Everything from the line with "OLIVE des OLIVE(オリーブデオリーブ)の「スキッパーニット" down to the line with "COQUE Custodia per" below must be printed exactly, those two lines included. Exclude pictures.

> THE RECORDS

*-*-*

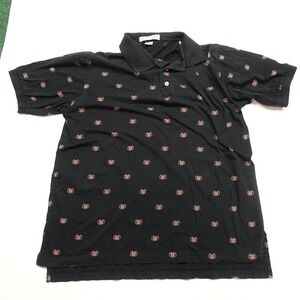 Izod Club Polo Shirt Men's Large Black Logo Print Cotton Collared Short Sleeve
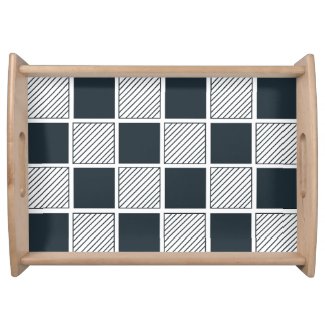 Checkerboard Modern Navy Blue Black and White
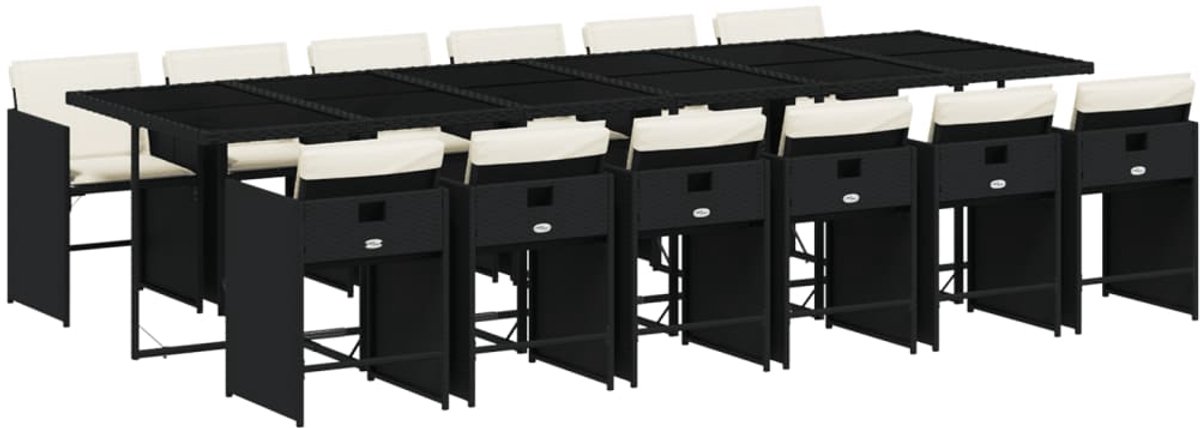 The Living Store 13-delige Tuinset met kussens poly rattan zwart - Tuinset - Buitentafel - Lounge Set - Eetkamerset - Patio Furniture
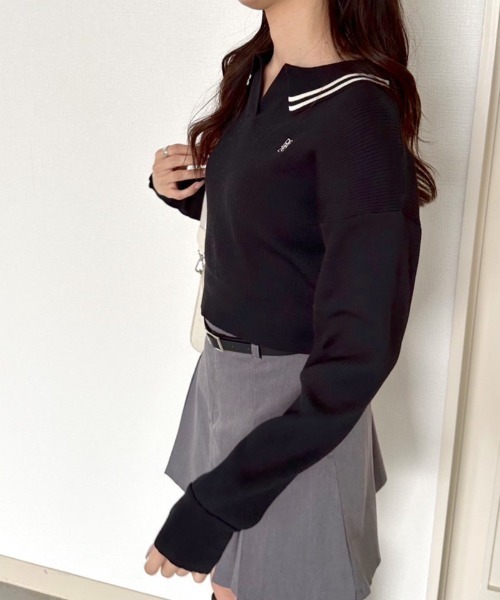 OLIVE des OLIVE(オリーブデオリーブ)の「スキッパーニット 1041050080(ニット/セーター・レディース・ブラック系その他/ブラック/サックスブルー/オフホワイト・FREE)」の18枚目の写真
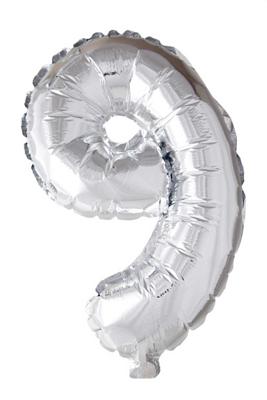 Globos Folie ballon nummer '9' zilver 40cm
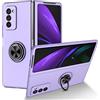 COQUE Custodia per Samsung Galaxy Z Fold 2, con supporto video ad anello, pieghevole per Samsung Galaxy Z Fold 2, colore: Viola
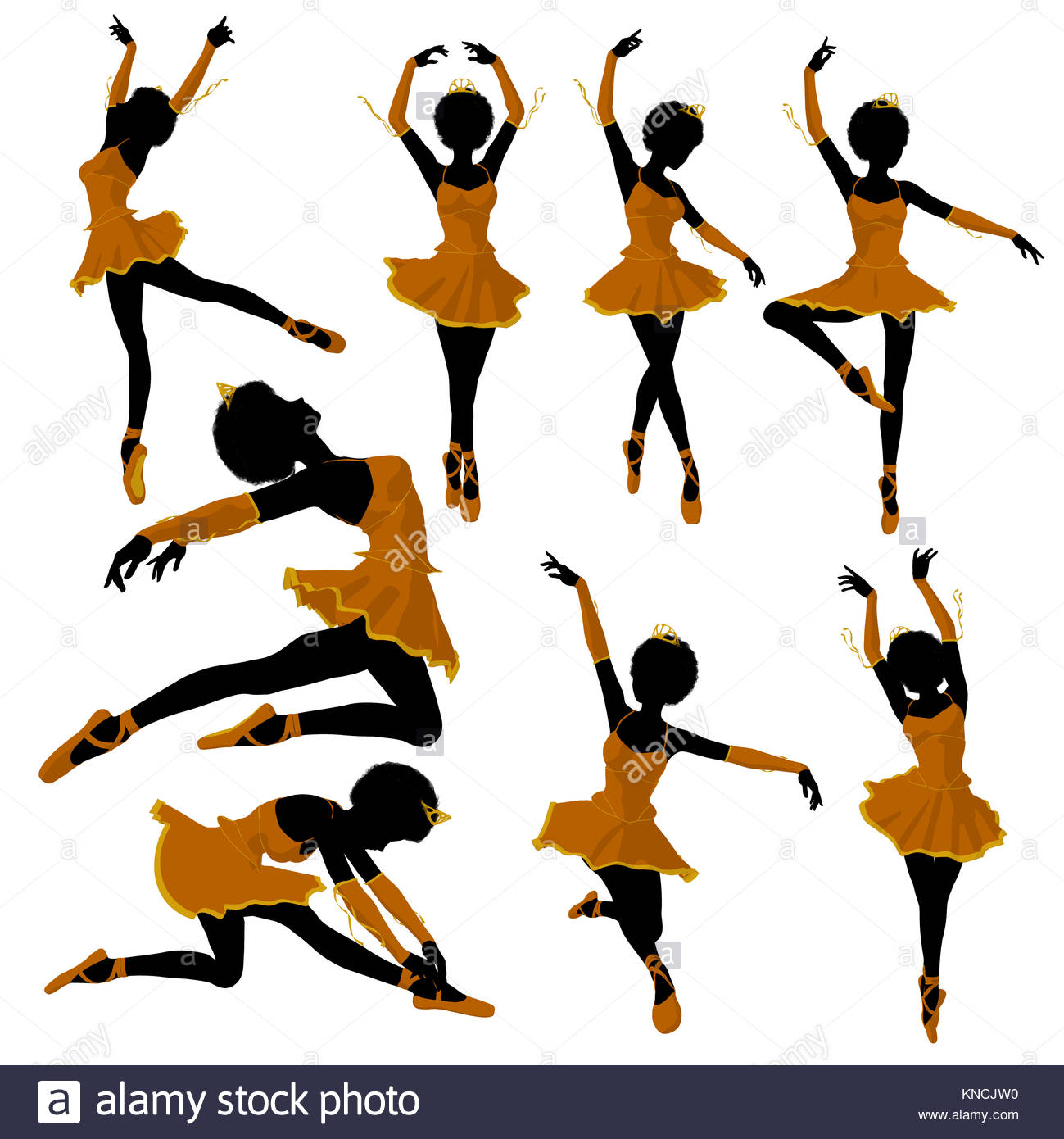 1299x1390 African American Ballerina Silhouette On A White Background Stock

*-*-*

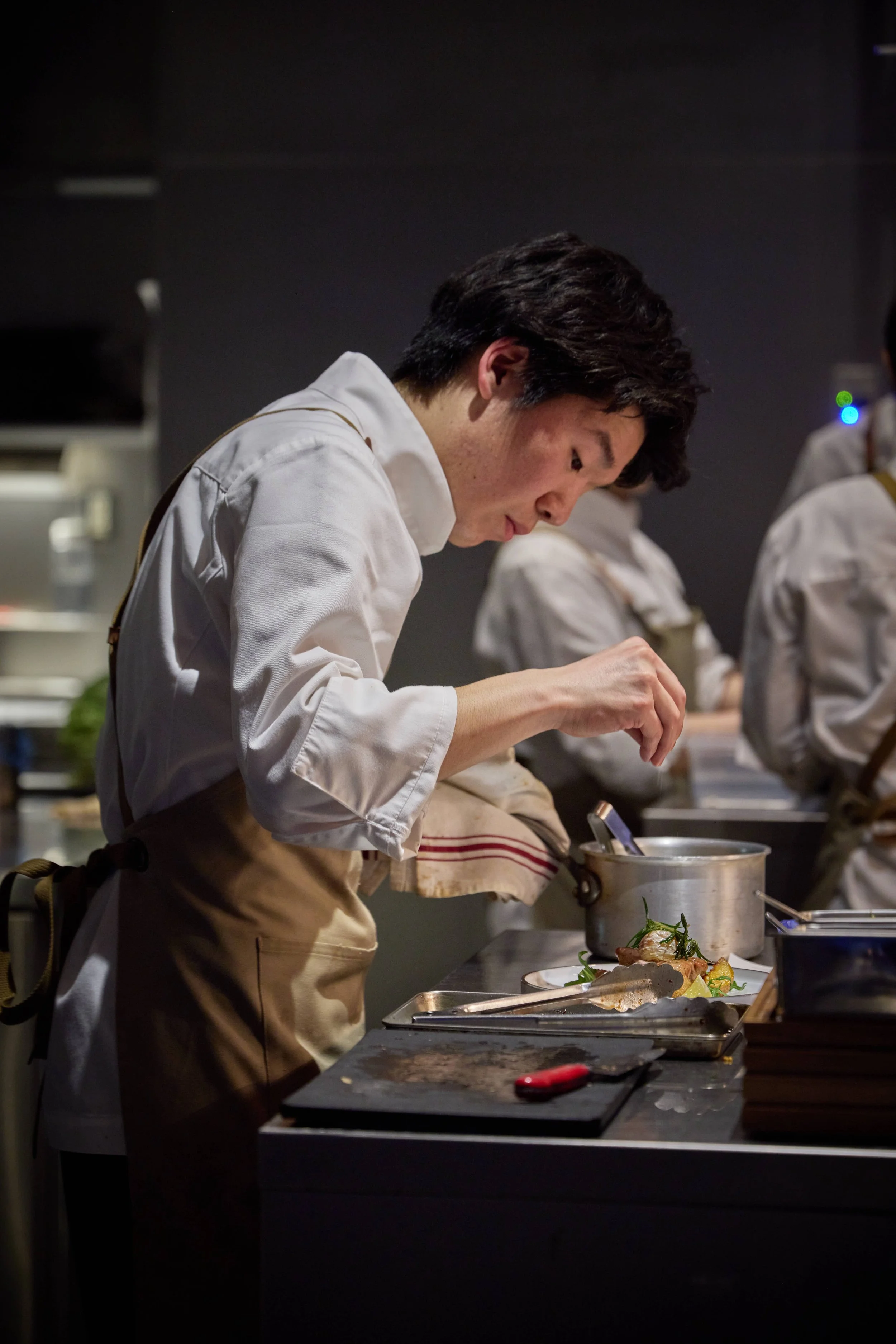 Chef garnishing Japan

*-*-*

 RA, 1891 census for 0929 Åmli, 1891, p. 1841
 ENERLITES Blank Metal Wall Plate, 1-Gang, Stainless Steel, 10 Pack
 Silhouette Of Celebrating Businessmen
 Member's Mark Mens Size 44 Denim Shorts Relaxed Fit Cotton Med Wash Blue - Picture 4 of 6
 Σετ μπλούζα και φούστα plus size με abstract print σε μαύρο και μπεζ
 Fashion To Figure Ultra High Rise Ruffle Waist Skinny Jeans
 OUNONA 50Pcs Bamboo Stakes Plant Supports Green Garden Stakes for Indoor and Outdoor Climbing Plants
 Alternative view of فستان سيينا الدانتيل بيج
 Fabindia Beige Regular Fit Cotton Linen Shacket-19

*-*-*

> EXPECTED ANSWER
 OLIVE des OLIVE(オリーブデオリーブ)の「スキッパーニット 1041050080(ニット/セーター・レディース・ブラック系その他/ブラック/サックスブルー/オフホワイト・FREE)」の18枚目の写真
 Globos Folie ballon nummer '9' zilver 40cm
 COQUE Custodia per Samsung Galaxy Z Fold 2, con supporto video ad anello, pieghevole per Samsung Galaxy Z Fold 2, colore: Viola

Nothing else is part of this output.